Democrats Pull Bill After GOP Attaches Anti-Porn Amendment

Posted May 13, 2010 at 12:19pm

Updated: 3:22 p.m.

House Democrats pulled their science authorization bill from floor consideration after Republicans successfully attached an anti-pornography amendment to it that also gutted sections of the bill.

Republicans say they won a victory against spending, having approved an amendment slicing $42.5 billion in spending authorizations; Democrats say they were playing politics.

“They are not legislating. They are playing partisan political games,” said Kristie Greco, a spokeswoman for House Majority Whip James Clyburn (D-S.C.).

The Republican amendment included a prohibition on paying salaries to federal employees covered by the bill if they have been disciplined for watching pornography. That provision was not objectionable to Democrats, but other parts of the amendment gutted key parts of the bill and were unacceptable, Greco said.

Majority Leader Steny Hoyer (D-Md.) said the House would bring the bill back up next week.

The bill’s sponsors were livid.

“They used this incredibly important measure to try and set up attack ads for the next campaign,” Rep. Brian Baird (D-Wash.) said. “It’s absurd, it’s specious and it’s disgusting, and those are the nicest things I can say about it.”

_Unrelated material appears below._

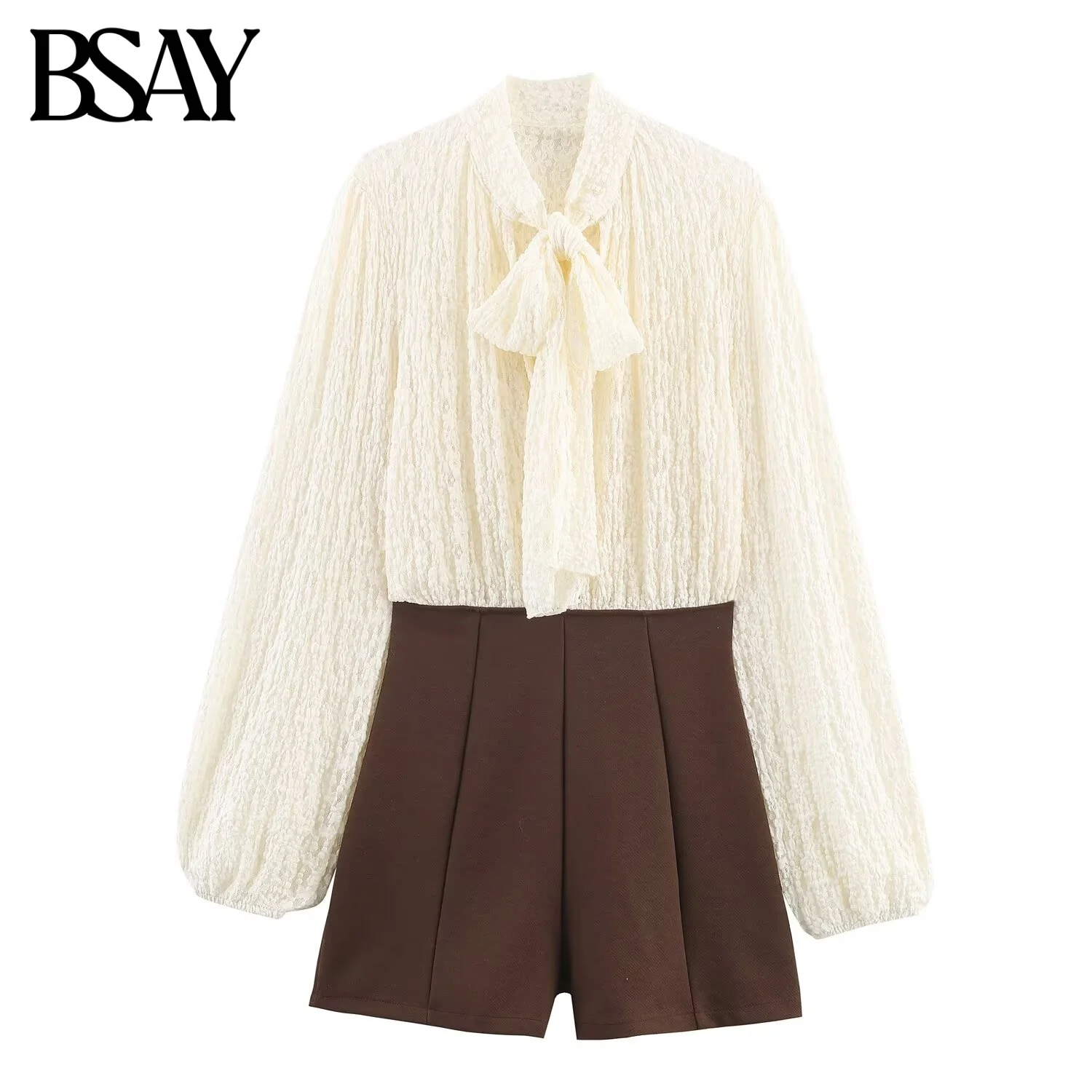 

BSAY Bow Splicing Jumpsuit for Women Fashion Autumn Winter New Long Sleeves Jumpsuits Blouses Chic Female Vest Bodysuit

Science and Technology Chairman Bart Gordon (D-Tenn.) noted with dismay that Republicans had used a similar tactic last week, shoehorning in substantive changes to a “cash for caulkers” bill on the back of an anti-sex offender provision. Gordon pre-emptively included that provision this week, only to have Republicans dream up another sexually charged provision. “How low will they go? I guess we’ll find out.”

Gordon said they are setting a bad precedent that could come back to haunt them when they return to the majority.

Gordon also defended some of the items the Republican motion deleted from the bill, including loan guarantees for small businesses and a research and development program in the Department of Energy, and he appealed to the business coalition backing the bill, including the U.S. Chamber of Commerce and the National Association of Manufacturers, to punish Republicans and push harder to pass the bill.

But House Minority Leader John Boehner (R-Ohio) cheered, saying they had forced Democrats to pull a “bloated” bill from the House floor.

Boehner said the Republican motion was straightforward. “It said that spending on the government programs in the bill shouldn’t rise by double-digit levels, that government employees caught looking at online pornography on government computers can be fired, and that military recruiters should be able to talk to students on college campuses. What part of that do Democratic leaders object to?

“Let’s give them the benefit of the doubt. Let’s assume they aren’t standing up for government employees looking at pornography on the taxpayers’ time. Let’s assume they think military recruiters should be allowed on college campuses. That means they pulled the bill entirely because they wanted to spend more of your money. Think about that.”